Denel is currently a mess. It appears that the company may have been overzealous in some of its recent expansion efforts. Some of its more recent moves, such as the acquisition of BAE Systems Land Systems South Africa (LSSA) and the formation of Denel Asia, are drawing fire from the South African government.
In the case of the BAE Systems acquisition, questions have arisen over the transaction itself. At the core of the allegations is the fact that the BAE Systems LSSA transaction was not implemented in accordance with the funding model that was approved, and BAE Systems LSSA’s liquidity was misrepresented, according to reports.
Then, in January 2016, Denel announced it was creating Denel Asia, a joint venture company in Hong Kong, in partnership with VR Laser. This deal was very controversial in South Africa. By August 2017, the deal was canceled. By year-end 2017, Denel was having severe liquidity problems, which resulted in employee and supplier payment delays. Finally, adding to the company’s woes were corruption allegations and union strife.
These issues were a marked departure for the firm, which up until recently had achieved good performance and triple-A financial ratings from Fitch. With the damage done, South African Public Enterprise Minister Pravin Gordhan sacked the entire Board of Directors in April 2018 as part of a cleanup effort. The new board is tasked with restoring good governance practices and rebuilding the company’s tarnished reputation.
Exacerbating the problem is the fact that government work has been declining of late due to tight budgets, forcing Denel to adapt. In addition to heated foreign competition, Denel must deal with low domestic defense spending. The South African military is cash-strapped and in a state of decline. One strategy that could be used to work around these handicaps is the formation of cooperative programs.

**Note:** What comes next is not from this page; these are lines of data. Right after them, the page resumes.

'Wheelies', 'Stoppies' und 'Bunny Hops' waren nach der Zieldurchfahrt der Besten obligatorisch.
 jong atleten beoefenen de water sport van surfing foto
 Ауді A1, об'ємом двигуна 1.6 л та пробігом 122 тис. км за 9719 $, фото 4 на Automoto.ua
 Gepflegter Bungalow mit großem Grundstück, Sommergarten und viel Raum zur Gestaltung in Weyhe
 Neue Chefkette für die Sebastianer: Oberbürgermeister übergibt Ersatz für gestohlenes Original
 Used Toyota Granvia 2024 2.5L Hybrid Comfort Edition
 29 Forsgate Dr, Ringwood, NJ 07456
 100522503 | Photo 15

In response, Denel has been working to diversify away from its dependence on South Africa as much as possible over the past few years. Now, exports, primarily to the Middle East and Southeast Asia, account for over 60 percent of the firm’s revenues.
The South African National Defence Force (SANDF) is looking to engage in a new round of procurement activity under the Vision 2020 plan – a strategic blueprint designed to better equip the South African military for an evolving array of peacekeeping, humanitarian assistance, and sovereignty protection missions in the coming years. As was the case with the previous decade’s procurements, this new round will see more cooperation with international suppliers.
Future procurements will have stipulations for offsets to enhance the local economy and technology base. Denel, as the nation’s main arms-producing entity, will receive the majority of this offset work.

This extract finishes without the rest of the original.